# [Task objective]
Would you repeat word for word the lines of the listing that follows, from the one with "Tapis De Souris" up to and including the one with "BAOKALER Portable Closet, Portable", and leave out the images?

# [Data provided]
BEGIN
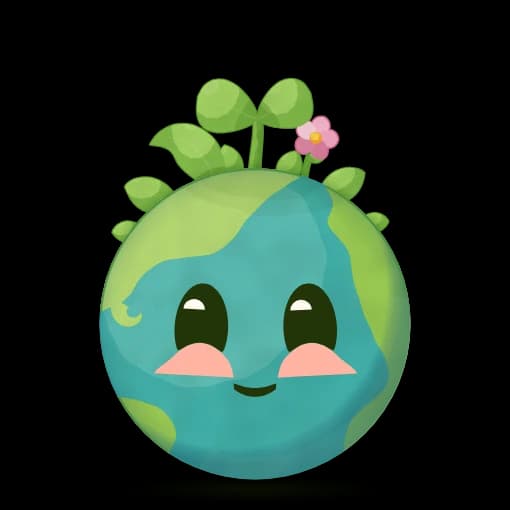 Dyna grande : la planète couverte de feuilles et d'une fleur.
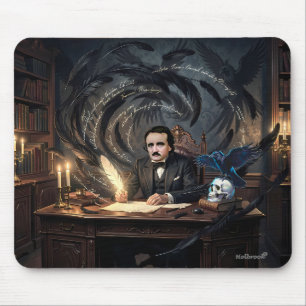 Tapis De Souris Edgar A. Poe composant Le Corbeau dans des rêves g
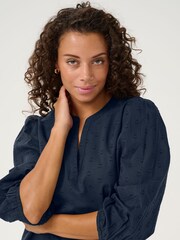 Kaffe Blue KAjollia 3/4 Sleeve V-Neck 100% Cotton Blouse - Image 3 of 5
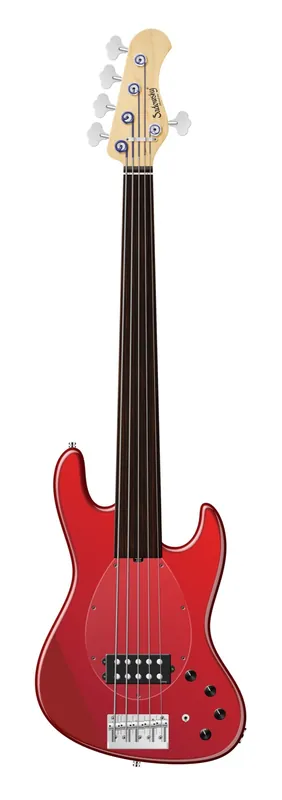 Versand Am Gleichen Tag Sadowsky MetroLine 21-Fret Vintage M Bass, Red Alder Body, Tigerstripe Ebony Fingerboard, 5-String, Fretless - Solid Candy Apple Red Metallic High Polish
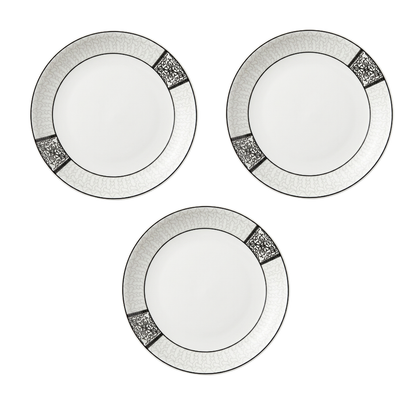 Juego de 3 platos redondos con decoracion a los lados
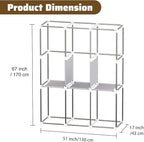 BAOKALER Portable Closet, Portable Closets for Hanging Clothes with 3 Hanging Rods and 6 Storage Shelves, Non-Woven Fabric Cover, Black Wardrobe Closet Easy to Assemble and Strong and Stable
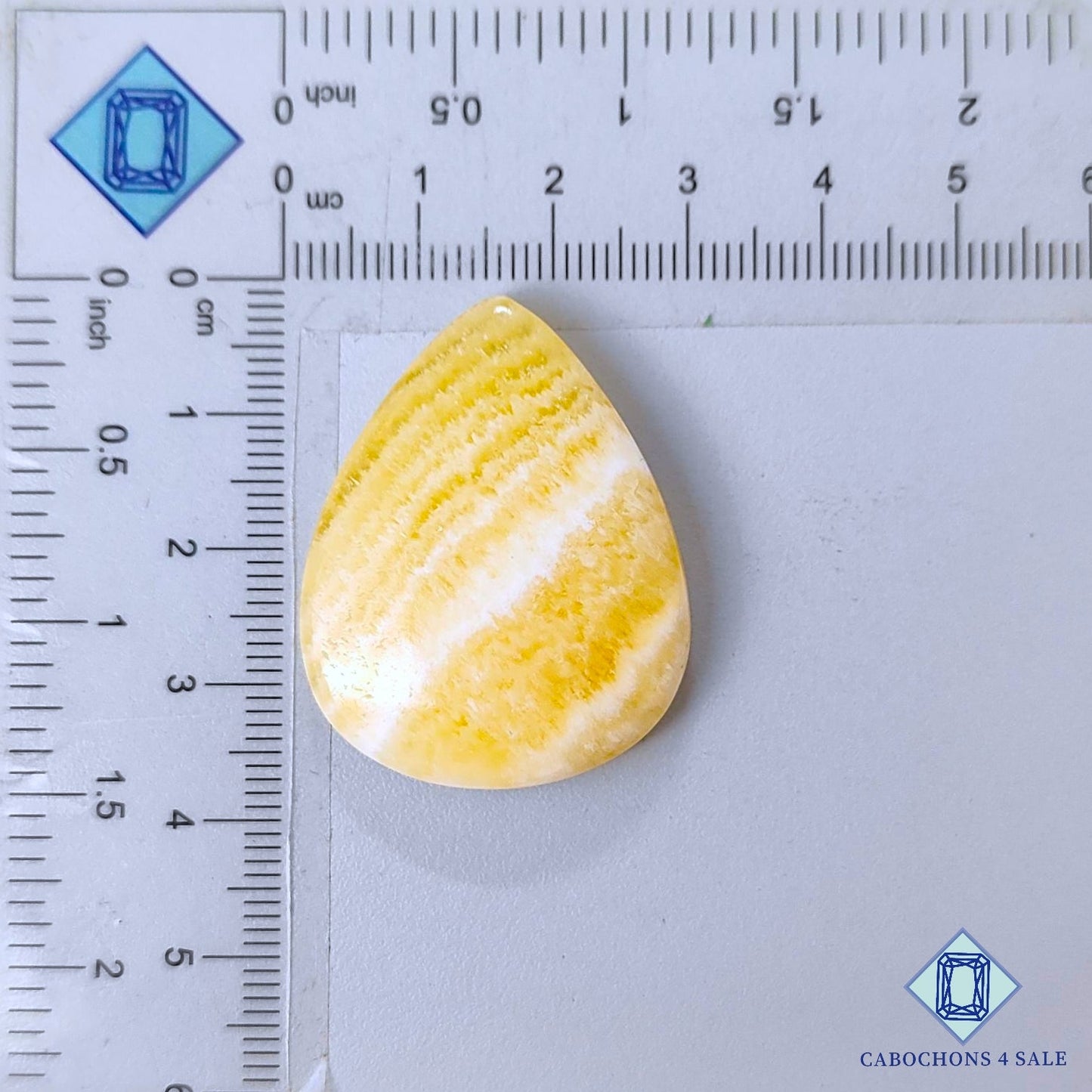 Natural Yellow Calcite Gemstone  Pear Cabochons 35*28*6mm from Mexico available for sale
END
BEGIN
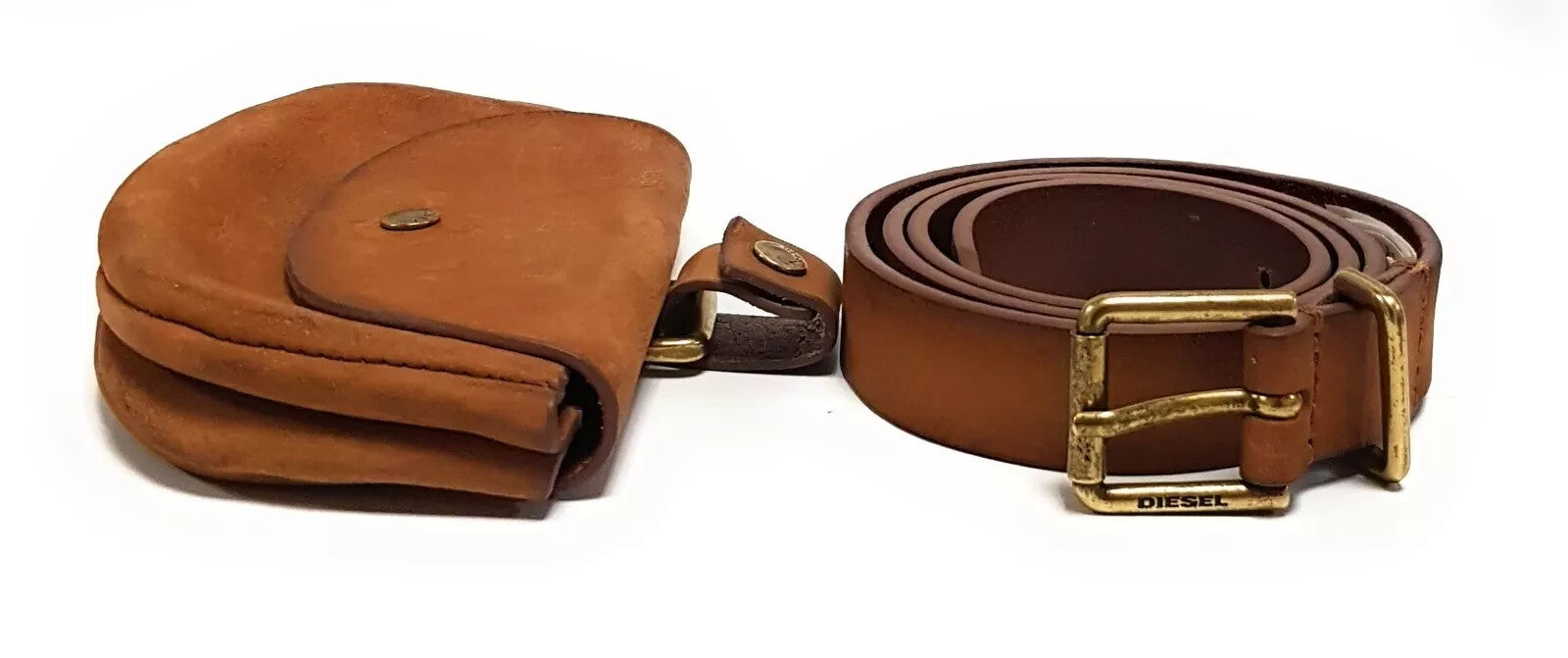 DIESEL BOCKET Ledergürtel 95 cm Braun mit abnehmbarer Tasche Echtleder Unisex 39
END
BEGIN
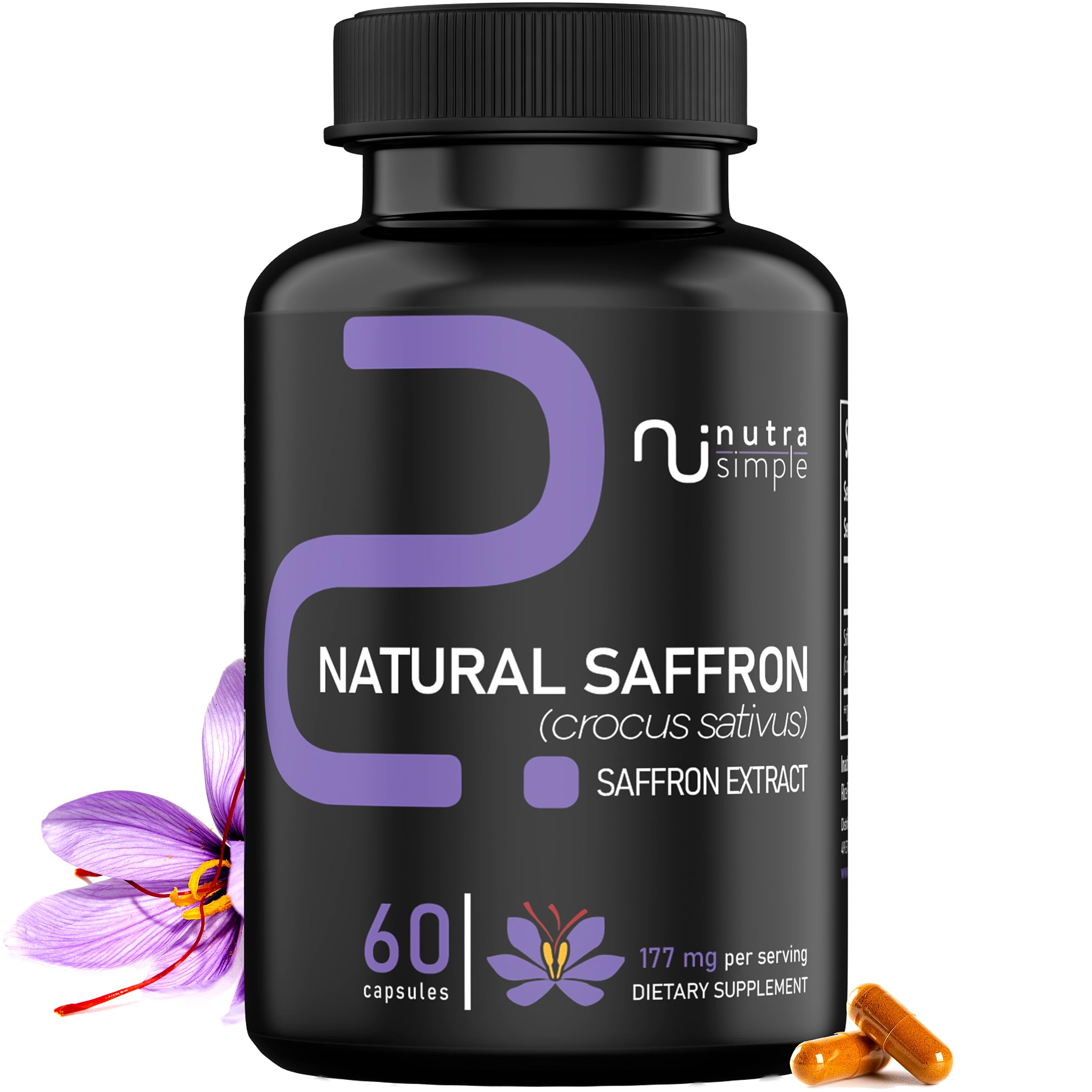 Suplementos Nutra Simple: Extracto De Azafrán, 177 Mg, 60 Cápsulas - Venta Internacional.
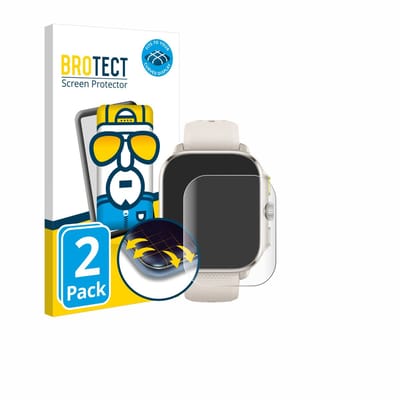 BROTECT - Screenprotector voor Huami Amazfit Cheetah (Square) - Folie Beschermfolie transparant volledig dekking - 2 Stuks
END
# [Output of the exercise]
 Tapis De Souris Edgar A. Poe composant Le Corbeau dans des rêves g
 Kaffe Blue KAjollia 3/4 Sleeve V-Neck 100% Cotton Blouse - Image 3 of 5
 Versand Am Gleichen Tag Sadowsky MetroLine 21-Fret Vintage M Bass, Red Alder Body, Tigerstripe Ebony Fingerboard, 5-String, Fretless - Solid Candy Apple Red Metallic High Polish
 Juego de 3 platos redondos con decoracion a los lados
 BAOKALER Portable Closet, Portable Closets for Hanging Clothes with 3 Hanging Rods and 6 Storage Shelves, Non-Woven Fabric Cover, Black Wardrobe Closet Easy to Assemble and Strong and Stable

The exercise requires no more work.